The UK’s air passenger duty (APD) stealth tax on aviation has the potential to damage travel to the Middle East, according to one of Emirates’ senior directors.
Richard Vaughan, divisional senior vice-president for commercial operations worldwide, said he was being cautious about the impact of the levy – which came into effect on November 1 – but insisted that forward bookings were “still very strong”.
“Any tax increase will have an eventual impact [on business], I just wish the government would spend the tax on what they say they are collecting it for.
“It’s like road tax. You’d be comfortable about it if you knew they were spending it on improving roads, but we know they don’t.”
Speaking to ABTN at the World Travel Market in London, Vaughan said Emirates’ future was rosy, and predicted continued growth in 2011.
Last month the Dubai-based airline posted a half-year profit (until September 31, 2010) of $951 million, more than three times up on the same period in 2009.
“We are seeing growth – both leisure and corporate – in all regions of the world, and the UK is no exception, it is solid.
"Our forward bookings for the next three months are above target, and at the moment I can’t see anything on the horizon changing.

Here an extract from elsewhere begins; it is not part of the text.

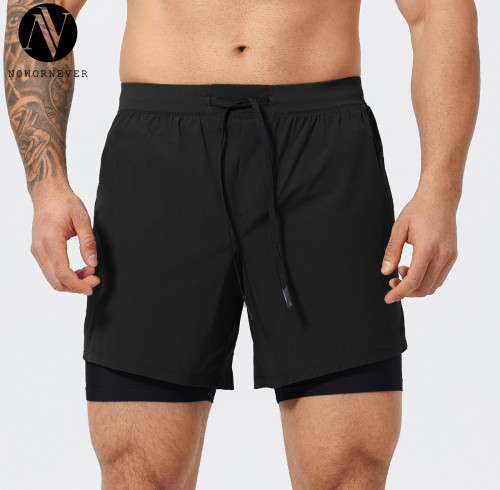 OEM Custom Men's Nylon Fitness Sports Shorts 1045 | Quick Dry Stretch Double Layer Basketball Shorts for Running & Training - Ideal for Wholesale and Sourcing Agents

"Every thing appears to be rosy, though that’s not to say we are complacent. We know disaster could strike at any time.”
Vaughan said corporate travel was improving in all the world’s major regions, including the UK, which economists believe is lagging behind other heavyweight growth markets.
He said business travel out of the UK’s northern regions had been boosted by the introduction of the A380 superjumbo out of Manchester on September 1.
And he said the service – which has just celebrated its 20th anniversary – had been a “huge success”.
He predicted Birmingham would also benefit from an A380 in the future, though he would not say when exactly.
The service between the Midlands and the Middle East – which celebrates its 10th anniversary next month – was recently boosted by the introduction of a larger Boeing 777 aircraft.
He said business out of Glasgow was “going gangbusters” but said the Scottish airport was more likely to see an increase in frequency rather than the introduction of a superjumbo.
Vaughan poured scorn on any suggestion that the Middle Eastern airline had plans to join an airline alliance.
“We will remain independent; we are not interested in the alliances,” he said.
“There has been a lot of talk around the world about cartels and illegal business practice, but alliances get round that.
“Alliances are a gathering of the weak. It’s like having ten husbands or wives; it’s difficult to please everyone.
"I’d like to think we are quicker on our feet. We don’t have to worry about up-selling our partners because we don’t have any.”